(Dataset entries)
* * *

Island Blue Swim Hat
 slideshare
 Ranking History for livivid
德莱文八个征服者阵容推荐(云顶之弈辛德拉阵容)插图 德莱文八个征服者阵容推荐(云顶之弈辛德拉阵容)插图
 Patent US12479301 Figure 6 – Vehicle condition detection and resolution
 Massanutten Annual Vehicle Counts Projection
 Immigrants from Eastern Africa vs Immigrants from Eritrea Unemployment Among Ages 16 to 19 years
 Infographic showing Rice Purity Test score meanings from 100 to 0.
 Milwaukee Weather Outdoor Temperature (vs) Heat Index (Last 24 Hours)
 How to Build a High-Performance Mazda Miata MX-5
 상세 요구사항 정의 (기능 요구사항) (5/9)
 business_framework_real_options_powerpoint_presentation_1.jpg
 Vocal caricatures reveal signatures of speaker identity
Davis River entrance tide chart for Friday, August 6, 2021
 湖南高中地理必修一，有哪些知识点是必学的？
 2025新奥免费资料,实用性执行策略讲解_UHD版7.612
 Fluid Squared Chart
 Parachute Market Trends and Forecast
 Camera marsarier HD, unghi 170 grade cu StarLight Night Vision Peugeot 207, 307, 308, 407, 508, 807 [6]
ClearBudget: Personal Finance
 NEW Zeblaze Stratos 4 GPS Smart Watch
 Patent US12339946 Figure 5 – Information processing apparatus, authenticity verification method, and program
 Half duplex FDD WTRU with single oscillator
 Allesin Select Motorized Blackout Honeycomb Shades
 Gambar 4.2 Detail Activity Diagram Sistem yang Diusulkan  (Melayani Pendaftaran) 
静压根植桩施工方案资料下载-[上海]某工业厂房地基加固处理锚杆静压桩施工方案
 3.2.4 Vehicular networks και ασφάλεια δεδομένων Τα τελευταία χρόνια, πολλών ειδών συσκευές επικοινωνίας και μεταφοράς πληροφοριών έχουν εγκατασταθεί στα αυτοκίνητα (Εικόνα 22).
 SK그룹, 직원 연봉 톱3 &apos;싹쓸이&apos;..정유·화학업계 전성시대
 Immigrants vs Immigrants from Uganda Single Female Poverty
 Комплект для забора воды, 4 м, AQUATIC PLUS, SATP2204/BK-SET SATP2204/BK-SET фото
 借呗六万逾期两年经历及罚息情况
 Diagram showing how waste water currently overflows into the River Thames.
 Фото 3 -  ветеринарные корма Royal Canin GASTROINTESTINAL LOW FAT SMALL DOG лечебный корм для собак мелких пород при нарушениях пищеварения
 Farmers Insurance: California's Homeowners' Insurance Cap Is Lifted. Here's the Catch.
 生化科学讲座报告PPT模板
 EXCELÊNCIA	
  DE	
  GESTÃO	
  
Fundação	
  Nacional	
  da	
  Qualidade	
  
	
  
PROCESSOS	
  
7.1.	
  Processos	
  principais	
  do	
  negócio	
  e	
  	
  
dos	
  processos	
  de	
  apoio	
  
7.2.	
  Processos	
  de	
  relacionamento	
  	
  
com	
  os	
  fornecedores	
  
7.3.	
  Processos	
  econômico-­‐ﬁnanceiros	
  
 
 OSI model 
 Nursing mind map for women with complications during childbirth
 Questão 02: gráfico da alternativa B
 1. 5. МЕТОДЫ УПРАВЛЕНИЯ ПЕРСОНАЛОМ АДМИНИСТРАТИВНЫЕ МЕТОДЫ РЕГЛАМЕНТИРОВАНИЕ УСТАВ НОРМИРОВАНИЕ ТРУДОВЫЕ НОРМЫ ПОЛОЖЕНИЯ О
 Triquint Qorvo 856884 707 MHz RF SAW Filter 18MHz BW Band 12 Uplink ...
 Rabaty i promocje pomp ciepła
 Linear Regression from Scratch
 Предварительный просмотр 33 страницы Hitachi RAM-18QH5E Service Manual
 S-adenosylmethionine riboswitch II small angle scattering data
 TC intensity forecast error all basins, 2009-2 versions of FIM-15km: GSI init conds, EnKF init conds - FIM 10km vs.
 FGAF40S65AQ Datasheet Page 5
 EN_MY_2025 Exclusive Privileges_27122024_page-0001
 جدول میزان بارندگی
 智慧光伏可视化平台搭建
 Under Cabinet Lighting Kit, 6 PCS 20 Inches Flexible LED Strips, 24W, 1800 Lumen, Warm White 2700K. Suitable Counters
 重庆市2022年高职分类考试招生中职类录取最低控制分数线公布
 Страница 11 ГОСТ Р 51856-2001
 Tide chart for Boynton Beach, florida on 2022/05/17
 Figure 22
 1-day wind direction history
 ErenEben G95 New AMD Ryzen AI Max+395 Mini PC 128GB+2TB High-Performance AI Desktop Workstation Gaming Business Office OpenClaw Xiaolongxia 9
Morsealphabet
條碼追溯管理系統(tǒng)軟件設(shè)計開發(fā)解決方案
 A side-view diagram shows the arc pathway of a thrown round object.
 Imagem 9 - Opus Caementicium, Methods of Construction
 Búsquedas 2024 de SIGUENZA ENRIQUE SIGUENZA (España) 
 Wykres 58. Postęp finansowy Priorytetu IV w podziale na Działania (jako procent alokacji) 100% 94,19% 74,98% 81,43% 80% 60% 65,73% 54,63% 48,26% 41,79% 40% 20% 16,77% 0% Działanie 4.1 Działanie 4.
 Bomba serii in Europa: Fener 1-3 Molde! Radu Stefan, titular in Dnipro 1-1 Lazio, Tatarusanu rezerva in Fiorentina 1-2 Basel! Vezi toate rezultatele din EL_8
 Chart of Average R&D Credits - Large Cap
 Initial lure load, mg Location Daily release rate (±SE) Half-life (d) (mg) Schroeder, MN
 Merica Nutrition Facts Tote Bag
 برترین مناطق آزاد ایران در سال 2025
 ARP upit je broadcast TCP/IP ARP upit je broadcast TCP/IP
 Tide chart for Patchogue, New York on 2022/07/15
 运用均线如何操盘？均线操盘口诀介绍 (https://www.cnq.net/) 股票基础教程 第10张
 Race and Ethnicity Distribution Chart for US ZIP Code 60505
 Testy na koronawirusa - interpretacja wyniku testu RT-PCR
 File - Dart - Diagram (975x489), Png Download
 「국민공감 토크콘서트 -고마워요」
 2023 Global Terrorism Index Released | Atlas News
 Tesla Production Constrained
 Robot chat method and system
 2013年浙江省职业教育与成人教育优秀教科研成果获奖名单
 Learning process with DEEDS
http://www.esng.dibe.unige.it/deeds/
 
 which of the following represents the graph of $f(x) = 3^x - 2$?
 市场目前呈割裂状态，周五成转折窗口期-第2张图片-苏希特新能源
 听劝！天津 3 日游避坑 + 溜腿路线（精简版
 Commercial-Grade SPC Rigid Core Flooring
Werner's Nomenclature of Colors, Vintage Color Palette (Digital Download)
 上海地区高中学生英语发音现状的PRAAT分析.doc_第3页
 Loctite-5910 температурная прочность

* * *

» EXERCISE BRIEF
Collect every line above that contains the word "Figure".

» RESPONSE
 Patent US12479301 Figure 6 – Vehicle condition detection and resolution
 Patent US12339946 Figure 5 – Information processing apparatus, authenticity verification method, and program
 Figure 22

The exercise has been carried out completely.